First, we iterate over our training dataset and add each as a sample into a new SupervisedDataSet instance. The code is as follows:

training = SupervisedDataSet(X.shape[1], y.shape[1])
for i in range(X_train.shape[0]):
    training.addSample(X_train[i], y_train[i])

Then we iterate over our testing dataset and add each as a sample into a new SupervisedDataSet instance for testing. The code is as follows:

testing = SupervisedDataSet(X.shape[1], y.shape[1])
for i in range(X_test.shape[0]):
    testing.addSample(X_test[i], y_test[i])

Now we can build a neural network. We will create a basic three-layer network that consists of an input layer, an output layer, and a single hidden layer between them. The number of neurons in the input and output layers is fixed. 400 features in our dataset dictates that we need 400 neurons in the first layer, and 26 possible targets dictate that we need 26 output neurons.

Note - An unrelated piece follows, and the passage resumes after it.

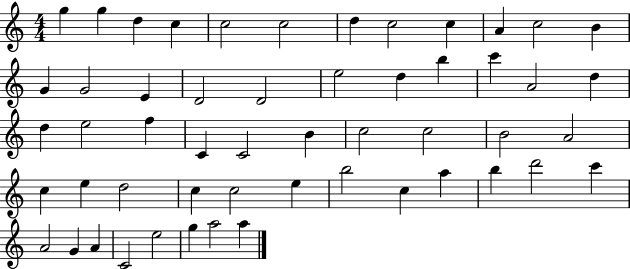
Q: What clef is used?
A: treble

Determining the number of neurons in the hidden layers can be quite difficult. Having too many results in a sparse network and means it is difficult to train enough neurons to properly represent the data. This usually results in overfitting the training data. If there are too few results in neurons that try to do too much of the classification each and again don't train properly, underfitting the data is the problem. I have found that creating a funnel shape, where the middle layer is between the size of the inputs and the size of the outputs, is a good starting place. For this chapter, we will use 100 neurons in the hidden layer, but playing with this value may yield better results.

We import the buildNetwork function and tell it to build a network based on our necessary dimensions. The first value, X.shape[1], is the number of neurons in the input layer and it is set to the number of features (which is the number of columns in X). The second feature is our decided value of 100 neurons in the hidden layer. The third value is the number of outputs, which is based on the shape of the target array y. Finally, we set network to use a bias neuron to each layer (except for the output layer), effectively a neuron that always activates (but still has connections with a weight that are trained). The code is as follows:

from pybrain.tools.shortcuts import buildNetwork
net = buildNetwork(X.shape[1], 100, y.shape[1], bias=True)

From here, we can now train the network and determine good values for the weights. But how do we train a neural network?

Back propagation

The back propagation (backprop) algorithm is a way of assigning blame to each neuron for incorrect predictions. Starting from the output layer, we compute which neurons were incorrect in their prediction, and adjust the weights into those neurons by a small amount to attempt to fix the incorrect prediction.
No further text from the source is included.